Provided data →

========================================================================

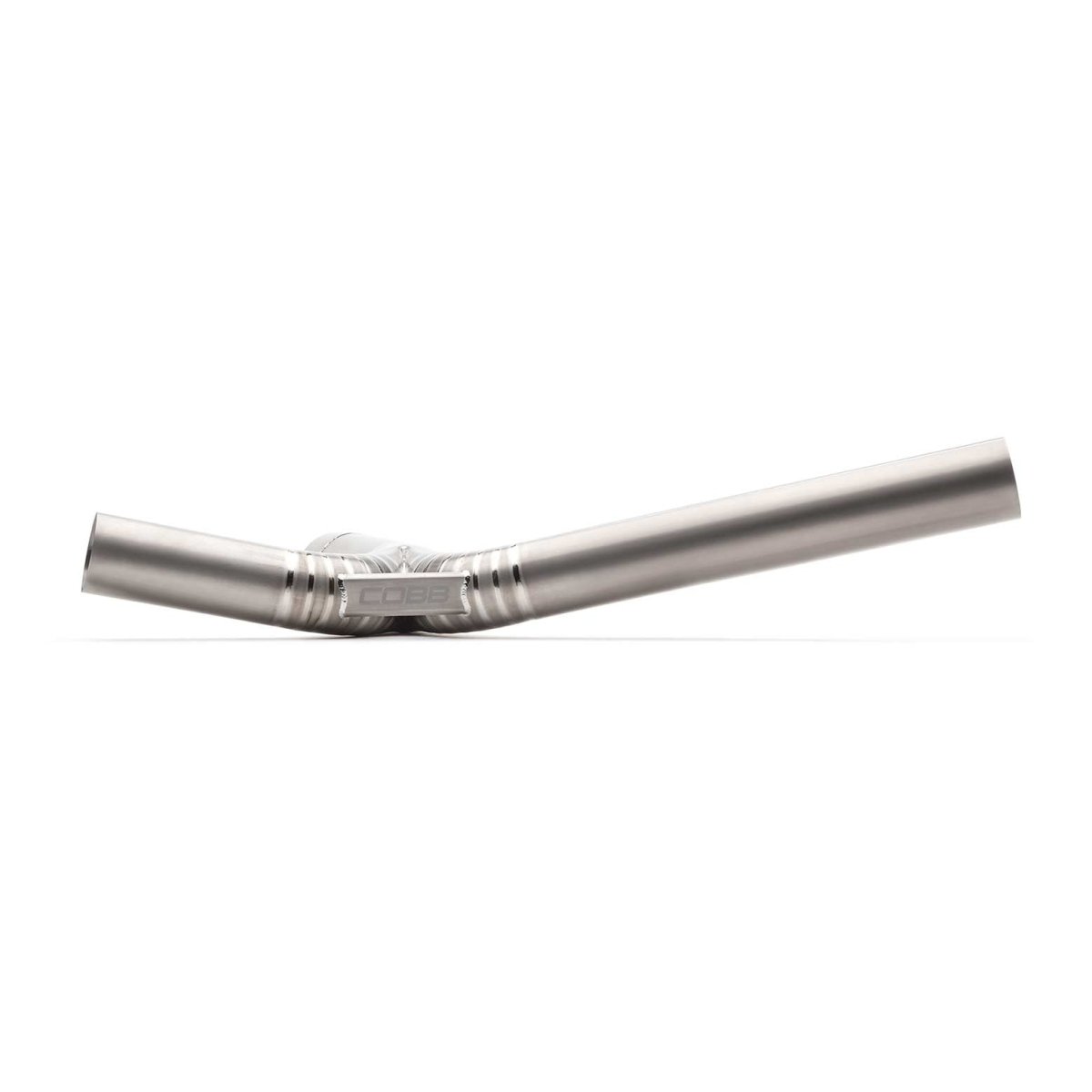 COBB Titanium Cat-Back Exhaust 3" w/ Blued Tips | WRX (22-25) (516160)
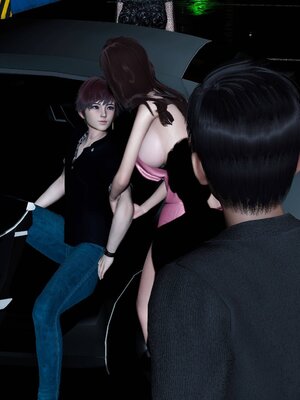 [風箏] 緑妻奴 1-11_01963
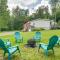 Otego Home with Hot Tub Near All Star Village!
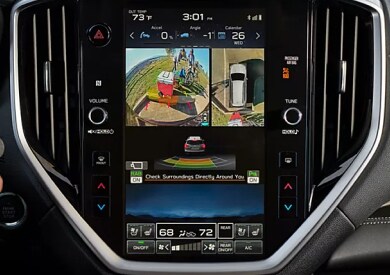 2025 ascent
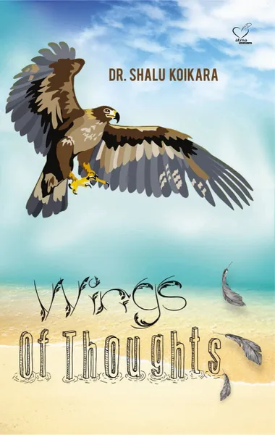 Wings of Thoughts, Psychology
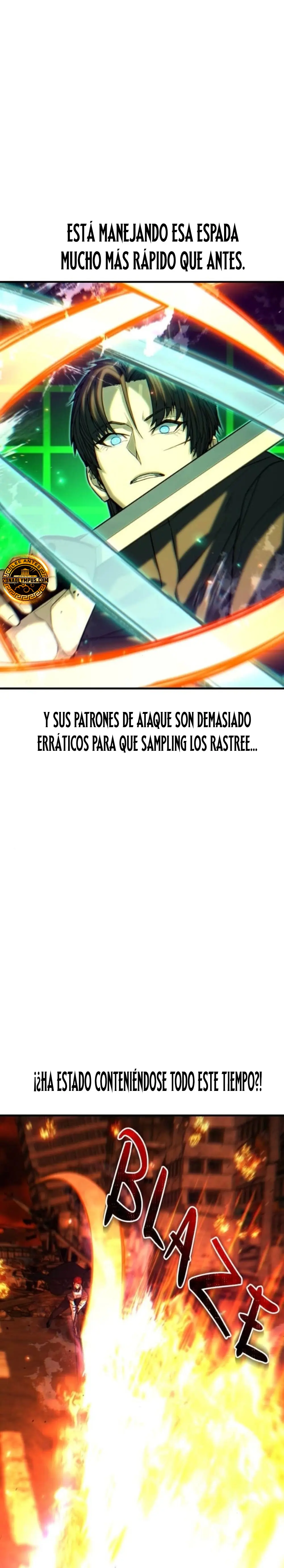 El héroe expulsado es demasiado fuerte. - Capítulo 58 - Página 37 - LectorTMOo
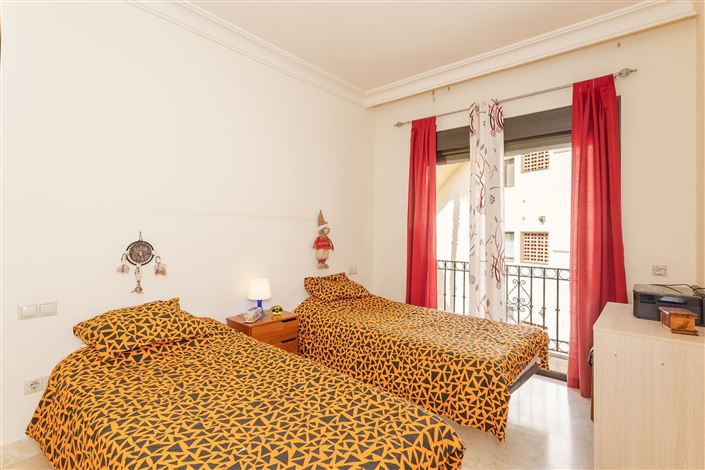 Image No.14-Appartement de 2 chambres à vendre à Roda Golf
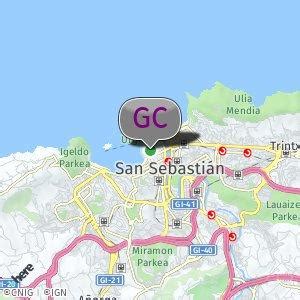 Contactos gay de San Sebastián (Guipúzcoa)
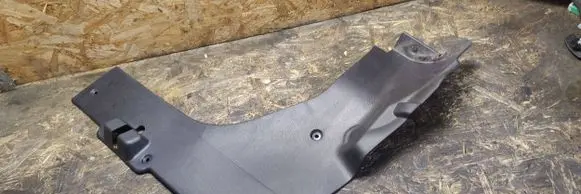 KIA Optima Centre console side trim rear 857852T000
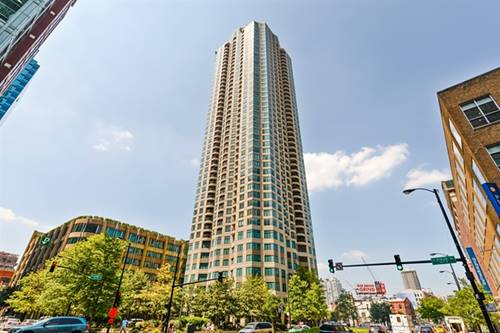 400 N LaSalle Unit 3611, Chicago, IL 60654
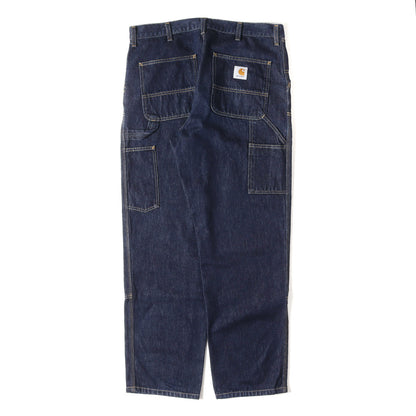 [近年モデル] ダブルニー ペインター デニムパンツ (DOUBLE KNEE PANT)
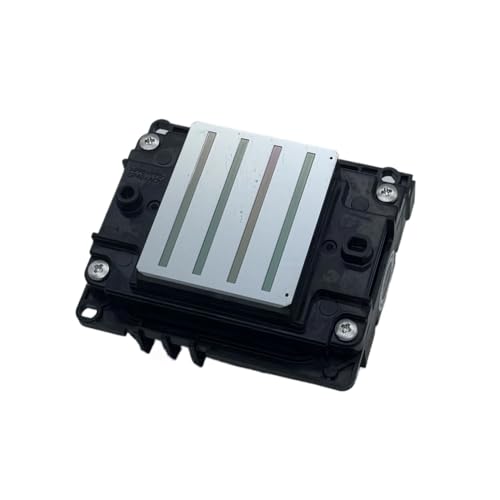 QMLQRGKF Entriegelter Druckkopf I3200 A1, kompatibel mit wasserbasierten Sublimationsdruckköpfen von ErAKFd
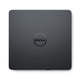 thumbnail image 1 of Unidad de DVD Dell Slim DW316 DVD±RW USB 2.0 externa, 1 of 6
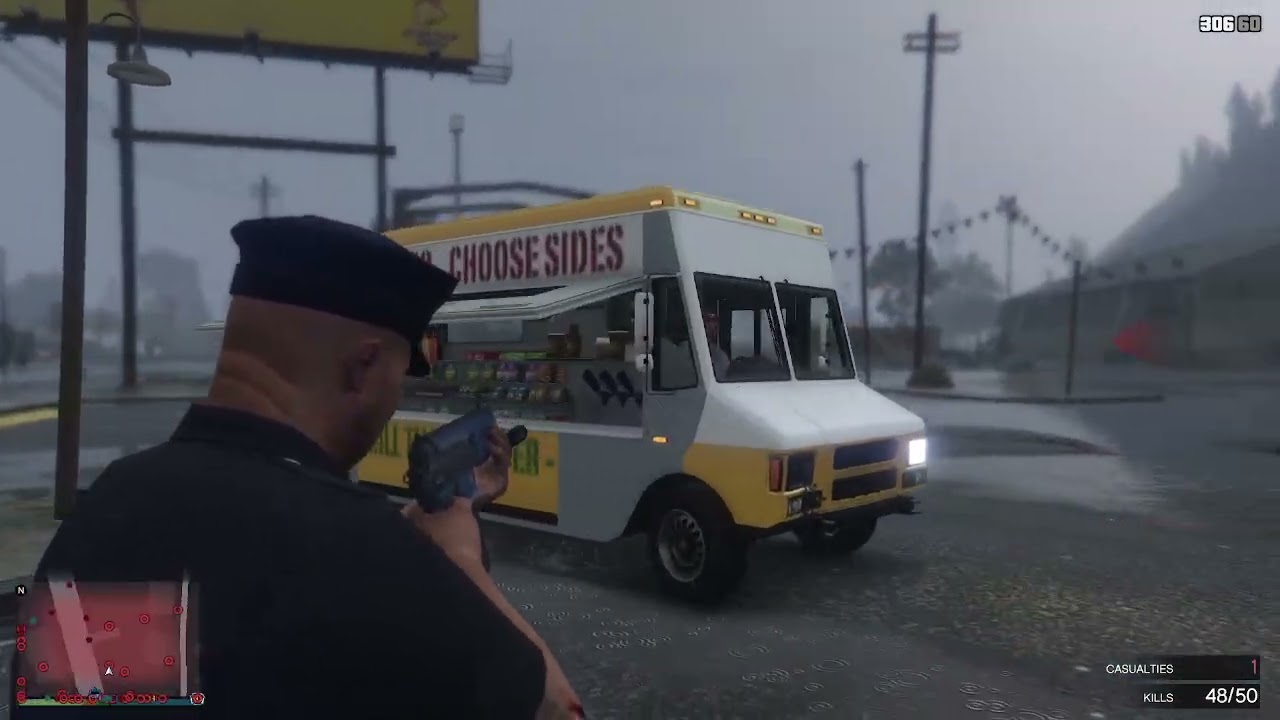 Police Mod: Chaos Response Beta.5.2  BUEBASERIE  PROXIMAMENTE ENEL CANAL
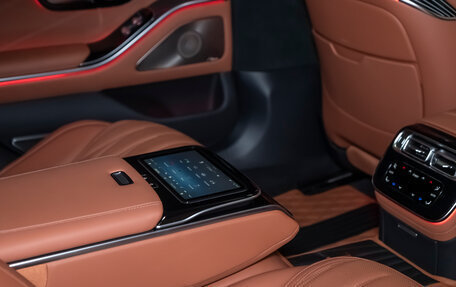 Mercedes-Benz S-Класс AMG, 2024 год, 24 900 000 рублей, 30 фотография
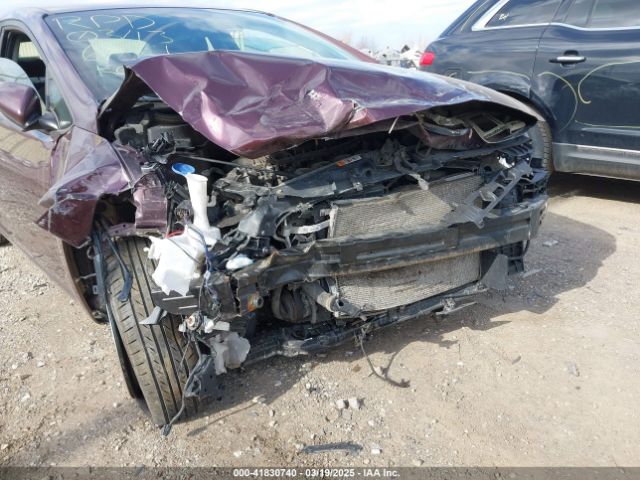 3KPFK4A75HE106261 KIA FORTE LX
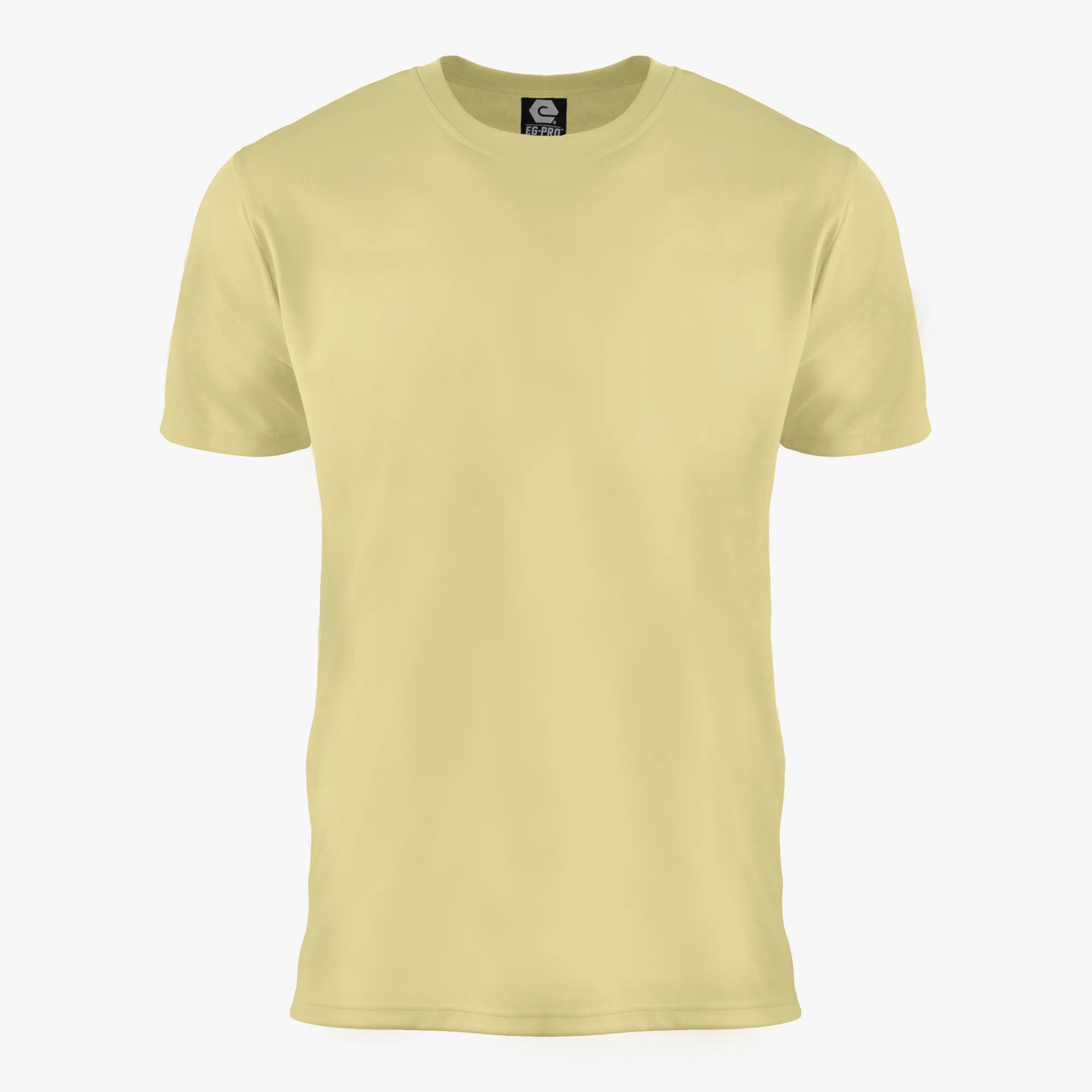 EG Pro - Eg-pro # / Basic Training Youth Crew Neck Raglan Tee | E118Y - EG Pro - Custom Apparel by Breaking Free Industries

========================================================================

What the task asks → Return exactly the lines above, from the one with "2025 ascent" up to and including the one with "QMLQRGKF Entriegelter Druckkopf", and include no pictures.

Result of the task →
 2025 ascent
 Wings of Thoughts, Psychology
 El héroe expulsado es demasiado fuerte. - Capítulo 58 - Página 37 - LectorTMOo
 Image No.14-Appartement de 2 chambres à vendre à Roda Golf
 Contactos gay de San Sebastián (Guipúzcoa)
 KIA Optima Centre console side trim rear 857852T000
 400 N LaSalle Unit 3611, Chicago, IL 60654
 [近年モデル] ダブルニー ペインター デニムパンツ (DOUBLE KNEE PANT)
 QMLQRGKF Entriegelter Druckkopf I3200 A1, kompatibel mit wasserbasierten Sublimationsdruckköpfen von ErAKFd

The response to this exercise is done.